Embree works at the University's College of Nursing as a half-time employee — about twenty hours per week. Like Plaintiff, she is subject to the University's parental leave policy. Under the policy, Embree took four weeks of pregnancy disability leave paid out of accumulated sick leave. For the two weeks following this time off, she worked ten hours per week from home, about half of her normal work week. The parties dispute the characterization of the final two weeks of leave time. Defendants assert that during those two weeks Embree received partial disability leave. (Buckley Aff., Defs.' App. Vol. III at 3.) Plaintiff claims that Embree had recovered from her pregnancy disability after the four weeks of total leave, and therefore the half-time leave was unrelated to Embree's disability. (Johnson Aff., Pl.'s App. at 6-7.)

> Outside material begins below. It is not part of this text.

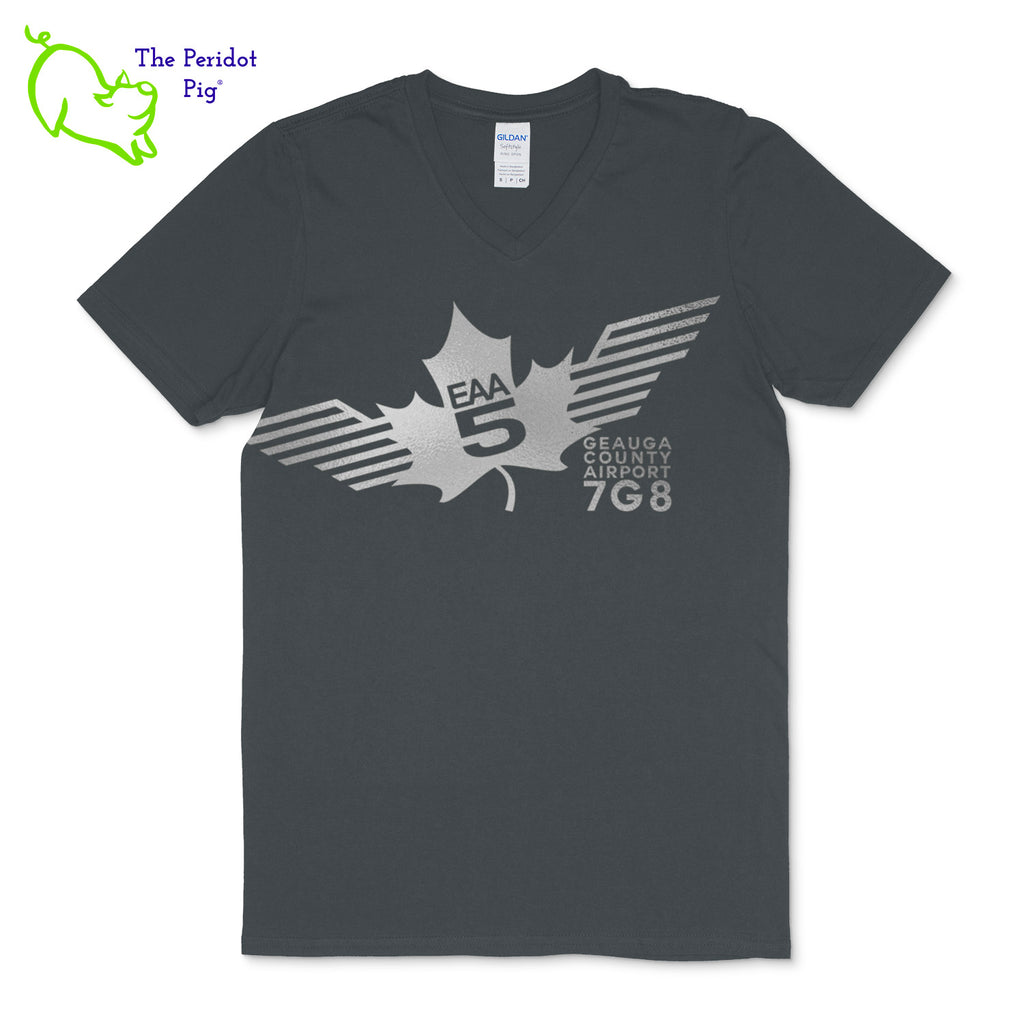 Crafted from a soft and comfortable material, this t-shirt features a loose cut, v-neck collar style and the EAA Chapter 5 logo in your choice of color on the front. You can also chose from three different colors for the shirt. The logo is located on the front and slightly wraps around the side of the shirt. Front view shown in Charcoal with silver.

On June 17, 2003, Plaintiff filed the present class action in this Court, naming as defendants the University, the State Board of Regents, the President of the University, David J. Skorton, M.D., the University's Vice President for Finance and Operations, Douglas K. True, and the University's Director of Human Resources, Susan C. Buckley. Plaintiff amended his complaint on October 8, 2003. Plaintiff groups his federal claims and state claims Wider headings "A" and "B," respectively. Count I of the federal claims alleges Defendants' conduct constitutes sex discrimination in violation of Title VII of the Civil Rights Act of 1964, ("Title VII"), 42 U.S.C. § 2000e-2 (2003). Count II of the federal claims alleges Defendants' conduct violates the Equal Protection Clause of the Fourteenth Amendment to the United States Constitution. Under the state claims heading, Count I alleges that the policy violates the Iowa Civil Rights Act ("ICRA"), Iowa Code § 216.6(1) (2003). Count II alleges that the policy violates the Equal Protection Clause of the Iowa Constitution. Iowa Constitution, Article I, § 6.

DISCUSSION
I. PRELIMINARY MOTIONS

Before the Court can analyze the merits of the cross motions for summary judgment, it must evaluate the numerous other motions filed by the parties, which are listed above. These motions challenge various components of the summary judgment motions. In addition to their motion for summary judgment, Defendants filed one motion on August 10, 2004, which seeks to strike all references to Plaintiff's wife, Jennie Embree. Plaintiff has five motions in addition to his motion for partial summary judgment. On August 17, 2004, Plaintiff filed two motions to strike evidence set forth by Defendants: one challenges expert testimony of Kent Jayne, and the other challenges expert testimony of Dr. Jennifer Niebyl. Also on August 17, Plaintiff filed a motion asking the Court to strike many of Defendants' individual responses to Plaintiff's asserted material facts. On September 7, 2004, Plaintiff filed a motion to amend the order certifying the class. Finally, Plaintiff filed a motion for leave to file a surreply on September 14, 2004.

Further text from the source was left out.